D : En cas d’indépendance du Kosovo, est-ce que les Albanais du sud vont demander aux autorités de Belgrade d’avoir des « liaisons spéciales » avec Priština comme c’est le cas entre Belgrade et Banja Luka ?

S.K : Notre avis est que la vallée de Preševo, dans la future régionalisation de la Serbie, devrait être traitée comme une région particulière en raison de ses particularités linguistiques, culturelles, religieuses et autres. Pour la future régionalisation, nous sommes contre le fait qu’elle soit divisée en six régions identiques, car cela voudrait dire que les particularités mentionnées ne seraient pas respectées. En tant que telle, la vallée de Preševo devrait, dans ses communications avec Priština, avoir la possibilité de collaborer sur le plan de l’éducation, de la culture, de l’utilisation de la langue et des symboles, de l’information, etc.

Nous voyons depuis sept ans qu’un processus politique est en place. Son objectif primordial était de régler la crise armée et de favoriser l’intégration des Albanais. Et dans cette septième année, les problèmes délicats ne sont toujours pas résolus, par exemple dans l’éducation, ce qui prouve que la Serbie n’a pas les institutions adéquates, ni souvent la volonté politique pour les résoudre. Sans une collaboration institutionnelle avec Priština, ces problèmes ne peuvent être résolus. La standardisation du droit des minorités, le respect de leur identité nationale, culturelle et linguistique conformément aux valeurs européennes, et le développement économique de ces municipalités, permettraient la pleine stabilisation politique de cette région fragile.

D : Serait-ce donc une sorte d’autonomie pour le sud de la Serbie ? Pourrait-il s’agir de l’annexion des trois municipalités à un nouvel État ?

S.K : Les Albanais de la vallée de Preševo s’efforcent depuis l’instauration d’un système pluripartite de mener une politique réaliste. Tous les partis politiques des Albanais de cette région participent aux institutions au sein desquelles ils luttent pour l’amélioration du statut politique des Albanais. Ils s’engagent à créer une région particulière conformément aux valeurs européennes.

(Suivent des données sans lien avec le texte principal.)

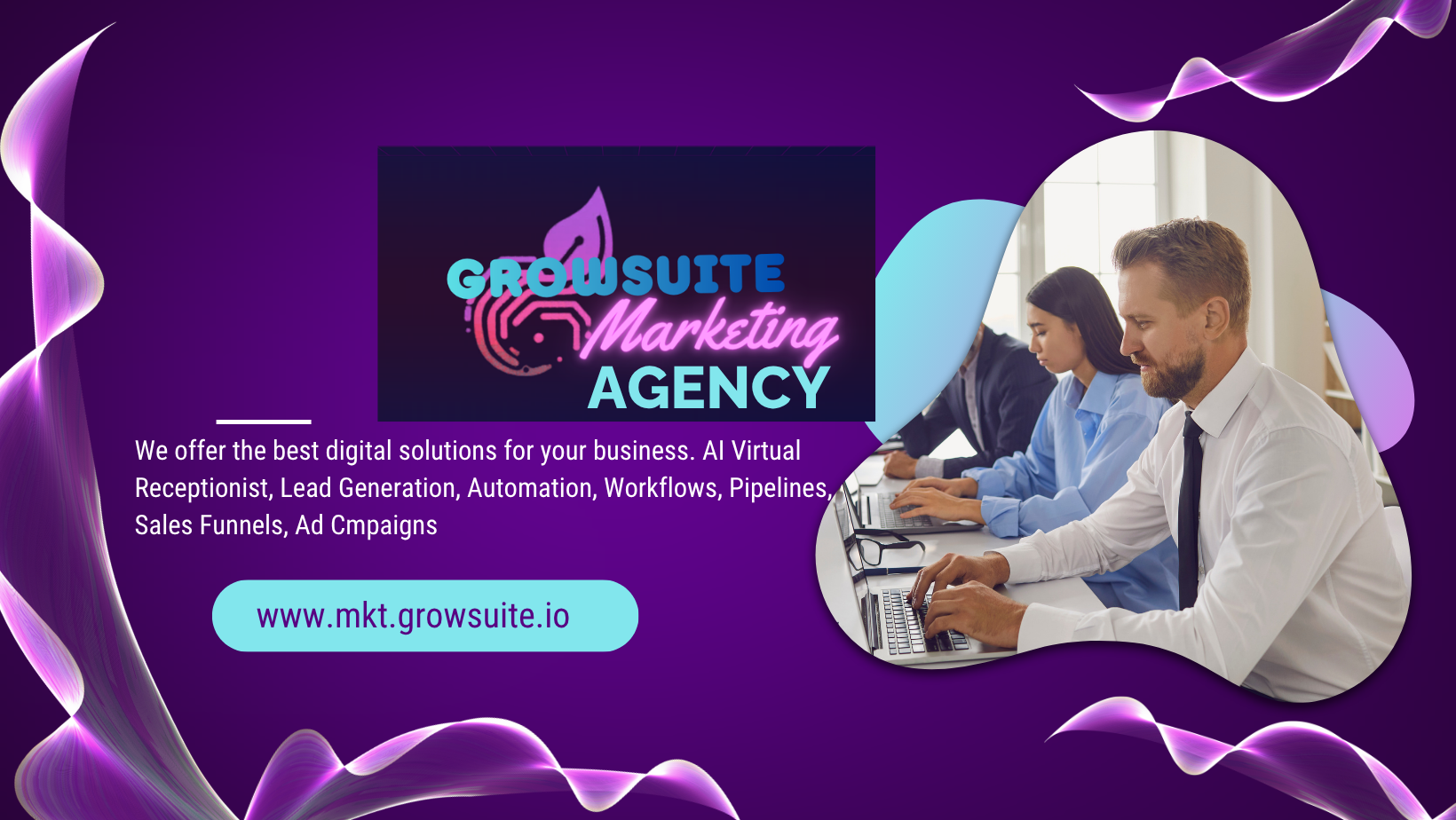 GrowSuite Marketing Agency Hero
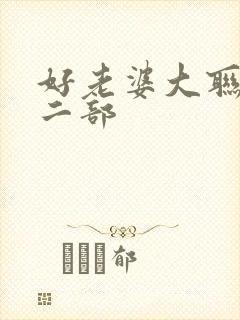 好老婆大联盟第二部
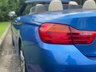 USED 2015 65 BMW 4 SERIES 3.0 430D M SPORT 2d AUTO 255 BHP CONVERTIBLE AUTO Vario Roof Convertible Coupe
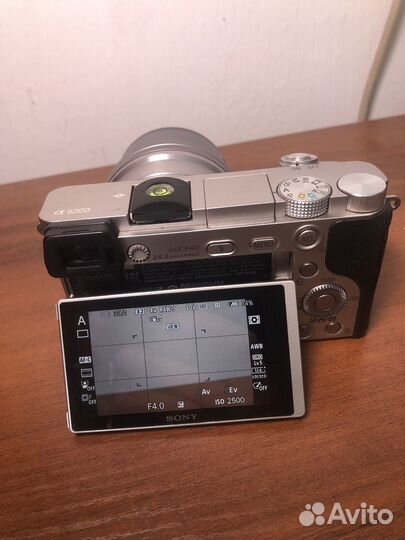 Компактный беззеркальный фотоаппарат Sony a6000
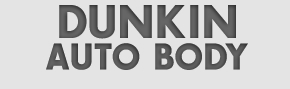 Dunkin Auto Body Logo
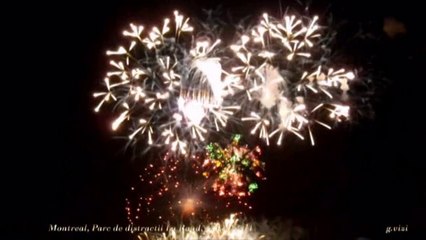 Focuri de artificii - ceremonia de deschidere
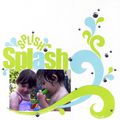 Petits Splish Splash entre cousines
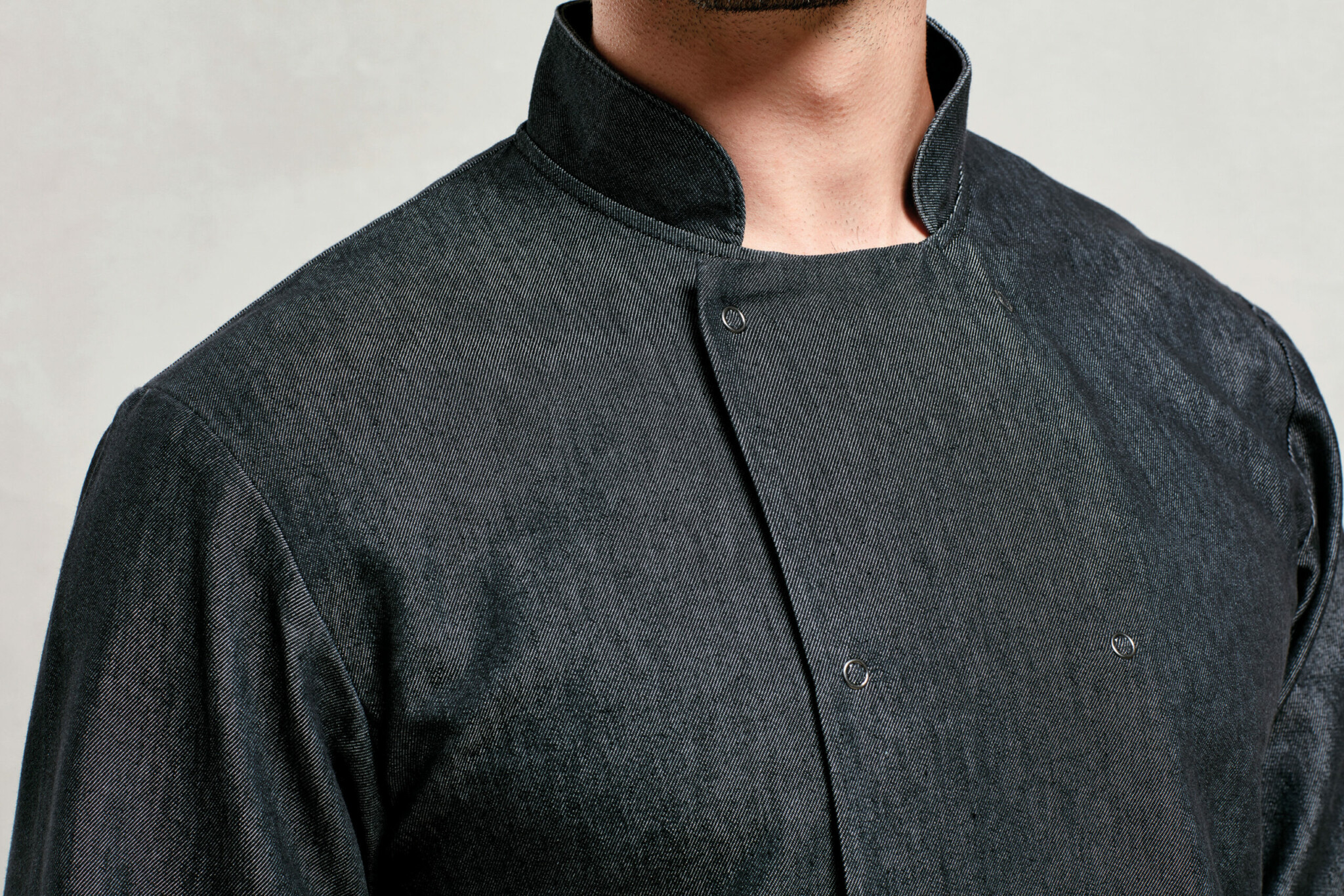 Miniature 2 pour Veste Denim chef cuisinier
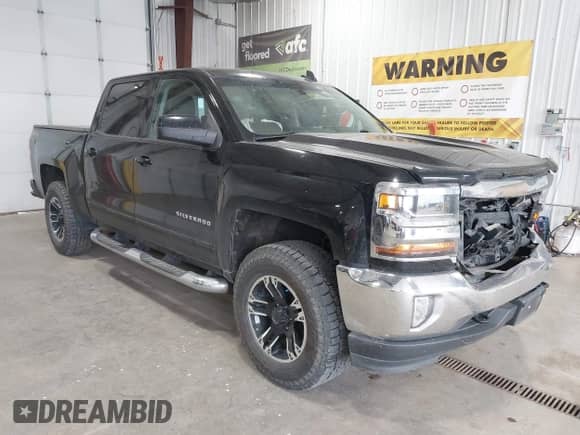 2018 Chevrolet Silverado 1500 LT с VIN 3GCUKREC7JG484507, выставлен на аукционе IAAI как лот 42567137 с пробегом 65 528 миль миль и . История ставок и продаж доступна на DreamBid. Изображение 1.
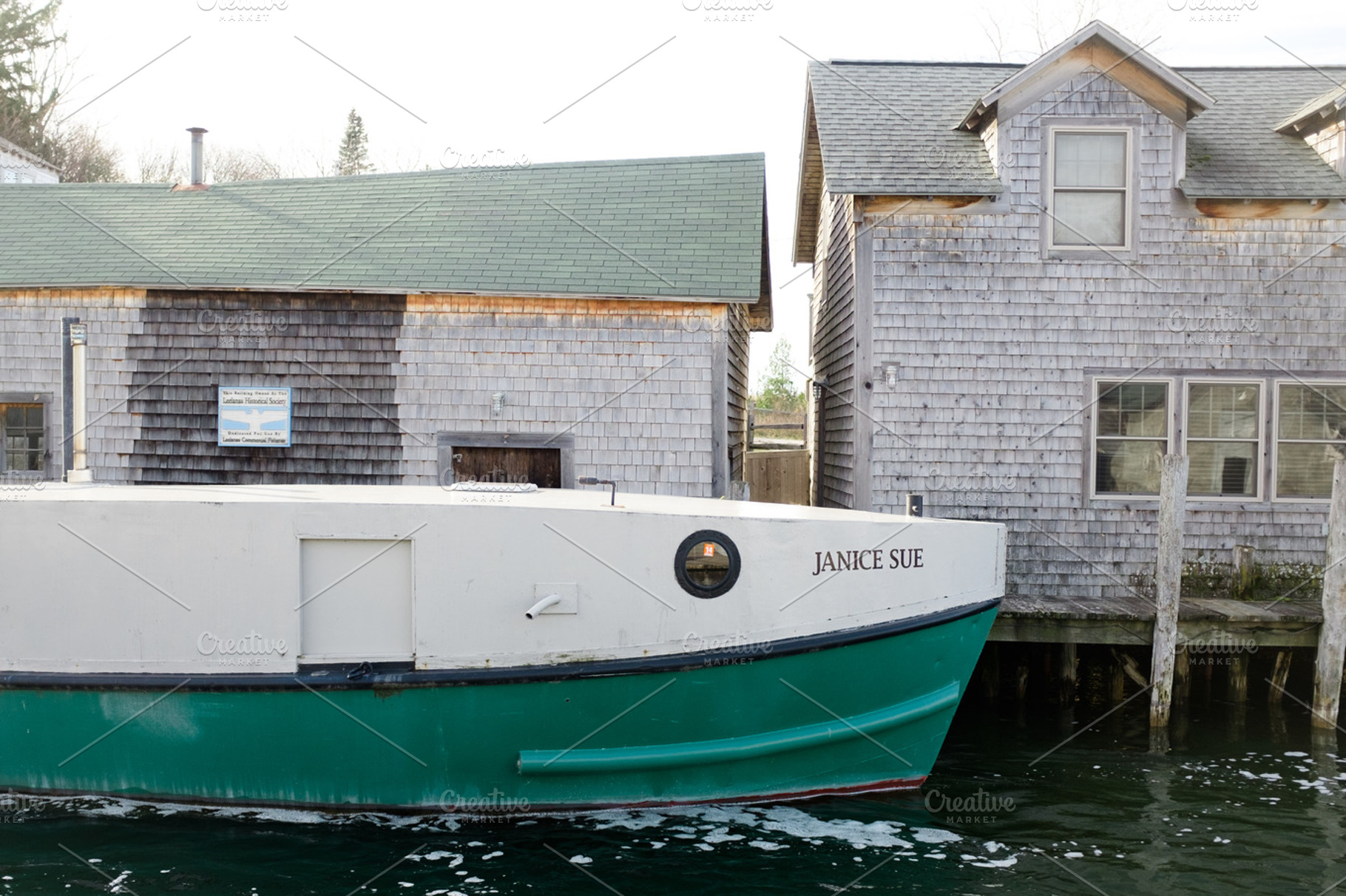 Historic Boat, a Transportation Photo by Anna Beth Smith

Dans ce contexte la position clé adoptée dans la plateforme politique est « que les conseilleurs municipaux respectent les principes du Groupe de contact sur l’intangibilité des frontières ». Si la communauté internationale venait à changer d’avis en ce qui concerne les frontières, cela aurait sûrement des répercussions sur la vallée de Preševo, mais personnellement je ne crois pas à un changement de cette position.